The backbone model for PSV-Verus is Qwen2.5-Coder-3B-Instruct, a 3B-parameter, decoder-only transformer. Solver fine-tuning uses LoRA adapters (lora_r = 16, lora_α = 32), targeting all major projection modules, with bfloat16 precision and gradient checkpointing for efficiency.

• Solver: Fine-tuned via verified binaries for three epochs at $2 \times 10^{-4}$ learning rate.
• Proposer: Frozen weights; updated purely via in-context learning on novel, verified specifications and pass-rate labels.

Spec proposal and solution inference are performed using SGLang with $dp$-size=8 and temperature 0.8.

6. Empirical Results, Scaling, and Ablation

PSV-Verus is evaluated on three Rust+Verus benchmarks: Dafny2Verus, MBPP-Verified, and HumanEval-Verified. The system achieves substantial performance improvements over inference-only or non-self-play baselines, with up to $9.6\times$ Pass@1 gains (e.g., 36.8% on MBPP compared to 3.8% for RFT in test-time training).

Table: Pass@1 Results Across Benchmarks

Method	Dafny2Verus	MBPP	HumanEval
AlphaVerus	24.1%	6.5%	7.2%
RFT	34.5%	3.8%	5.6%
PSV-Verus	65.6%	36.8%	19.1%

Scaling analysis indicates logarithmic improvements with questions per iteration and further gains from iterative vs. one-shot training. Ablations identify formal verification supervision as the most critical: removing verification results in over 50% relative performance loss in Pass@1 across benchmarks, while removing difficulty awareness or diversity from the proposer each cause 5–11% drops.

7. Assumptions, Limitations, and Scope

• Verifier properties: The effectiveness of PSV-Verus hinges on access to a sound (though potentially incomplete) specification verifier, such as Verus.

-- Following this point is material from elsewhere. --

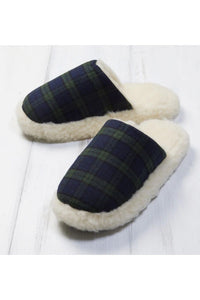 Men's Slippers Flannel Green Tartan Blackwatch Lambswool Slip On Irish Gift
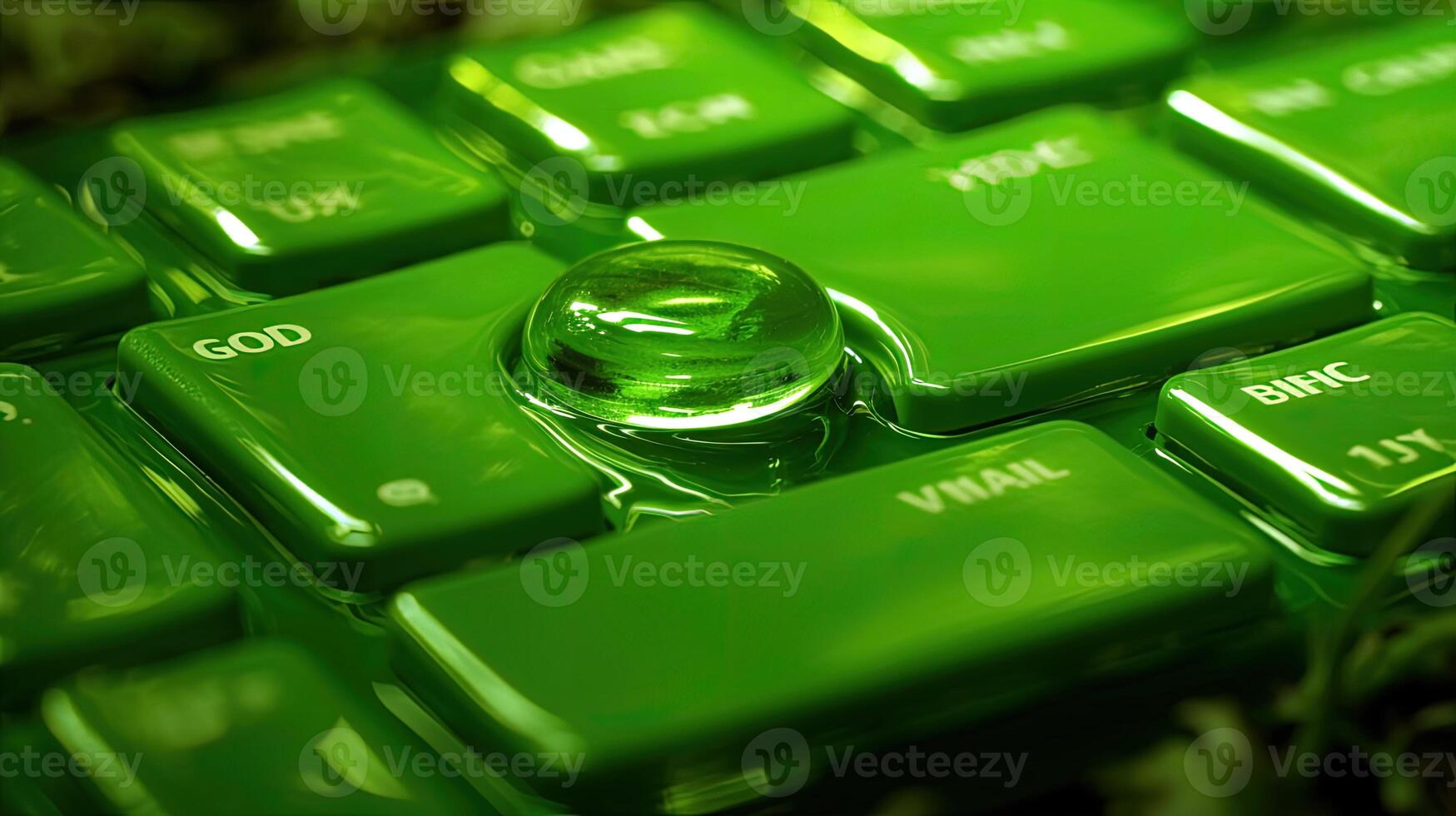 Closeup View of Green Light Mechanical Keyboard. High Quality Technology. photo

Some correct programs may be rejected, capping coverage, but all accepted solutions are valid.
• Compute requirements: The protocol is resource intensive, with solving and verifying thousands of specs per round requiring significant parallel compute (∼24 hours on 8× L40 GPUs for core experiments).
• Spec filtering: A nontrivial fraction of candidate specs are invalid or un-compilable, necessitating robust pre-filtering procedures (e.g., compilation with stubs to ensure syntactic well-formedness).
• Domain generality: PSV requires a verifiable formal specification language. Extending beyond domains with robust verifiers remains an open area.

A key implication is that this approach generalizes to any code or proof synthesis setting where formally checkable correctness is available; however, the necessity of such a verifier remains the main constraint.

8. Significance and Distinctiveness Within AI for Program Synthesis

PSV-Verus demonstrates that self-play, when mediated by formal verification, is sufficient for training performant code-generation LLMs from scratch—without any recourse to human-written problems or solutions (Wilf et al., 20 Dec 2025). This distinguishes it from reward-hacked self-play for games or unit-test driven code synthesis, which are vulnerable to over-fitting, reward exploitation, or propagation of human errors. By integrating difficulty-aware curricula, explicit verification gating, and rejection-based fine-tuning, PSV-Verus sets a new baseline for data-free curriculum development in verified programming domains.